Action item:
Start the copy at the line containing "Jott Alicante Sponge" and run it through the last line of the records. Repeat each line exactly; omit pictures.

Data supplied:
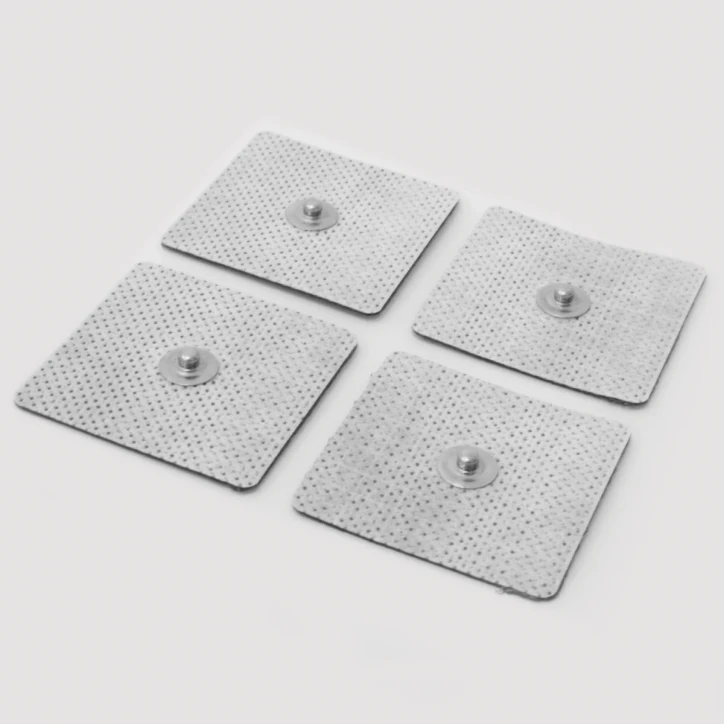 Elettrodi quadrati a clip Elettrodi quadrati a clip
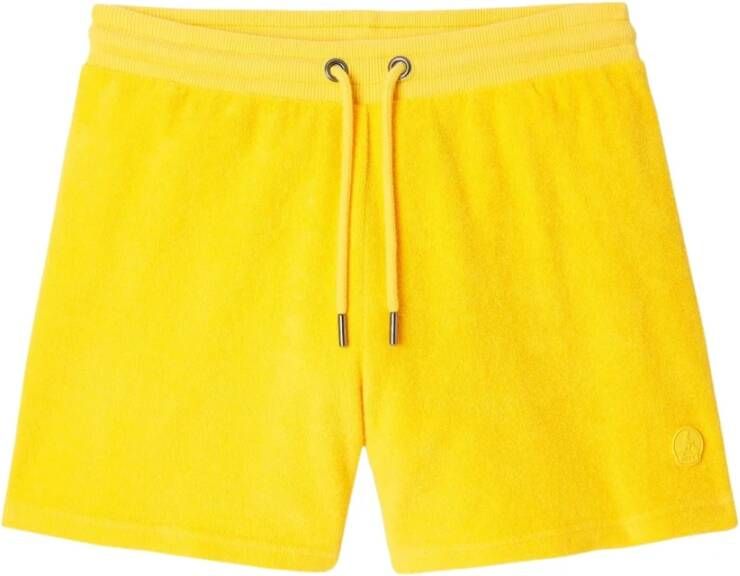 Jott Alicante Sponge Shorts Levendig gele strandkleding Geel Dames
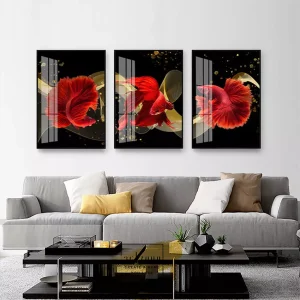 Bức Tranh Canvas: Khung Cảnh Thiên Nhiên Tươi Đẹp với Những Chú Chim Bay Nhảy - Một Hành Trình Về Tự Do và Sự Kết Nối Với Thiên Nhiên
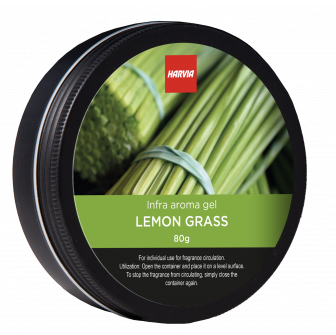 HARVIA Infra szauna aromagél - Citromfű 80 g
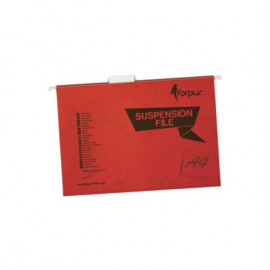 Hanging file folder Forpus, A4, Red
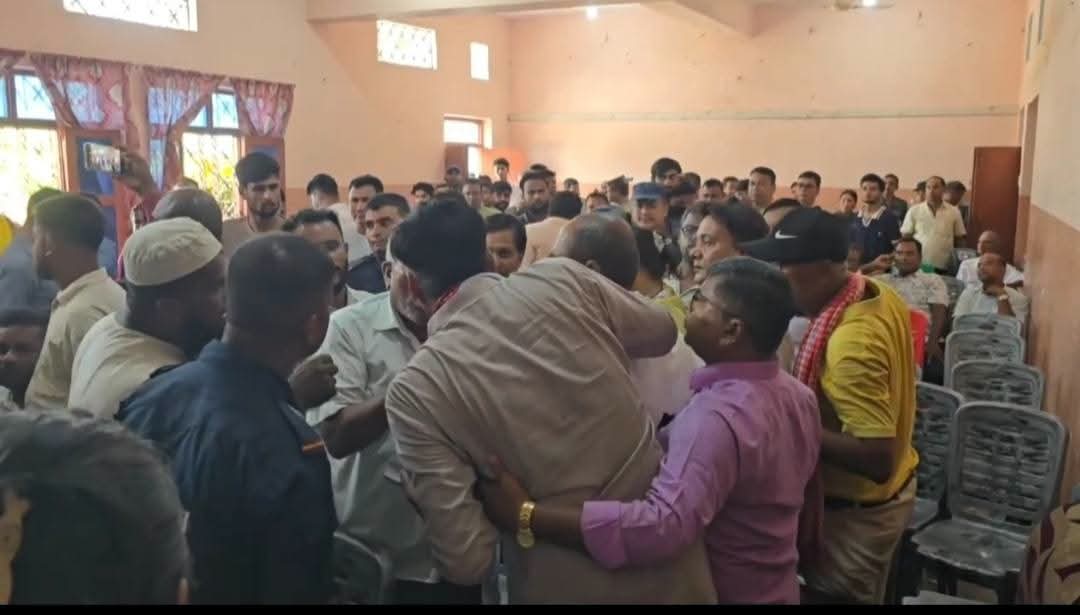 गणेश यादवको श्रद्धाञ्जली सभामा सांसद तपेश्वर यादवको अभिव्यक्तिपछि विवाद, कार्यक्रम प्रभावित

Your response:
 Jott Alicante Sponge Shorts Levendig gele strandkleding Geel Dames
 Bức Tranh Canvas: Khung Cảnh Thiên Nhiên Tươi Đẹp với Những Chú Chim Bay Nhảy - Một Hành Trình Về Tự Do và Sự Kết Nối Với Thiên Nhiên
 HARVIA Infra szauna aromagél - Citromfű 80 g
 Hanging file folder Forpus, A4, Red
 गणेश यादवको श्रद्धाञ्जली सभामा सांसद तपेश्वर यादवको अभिव्यक्तिपछि विवाद, कार्यक्रम प्रभावित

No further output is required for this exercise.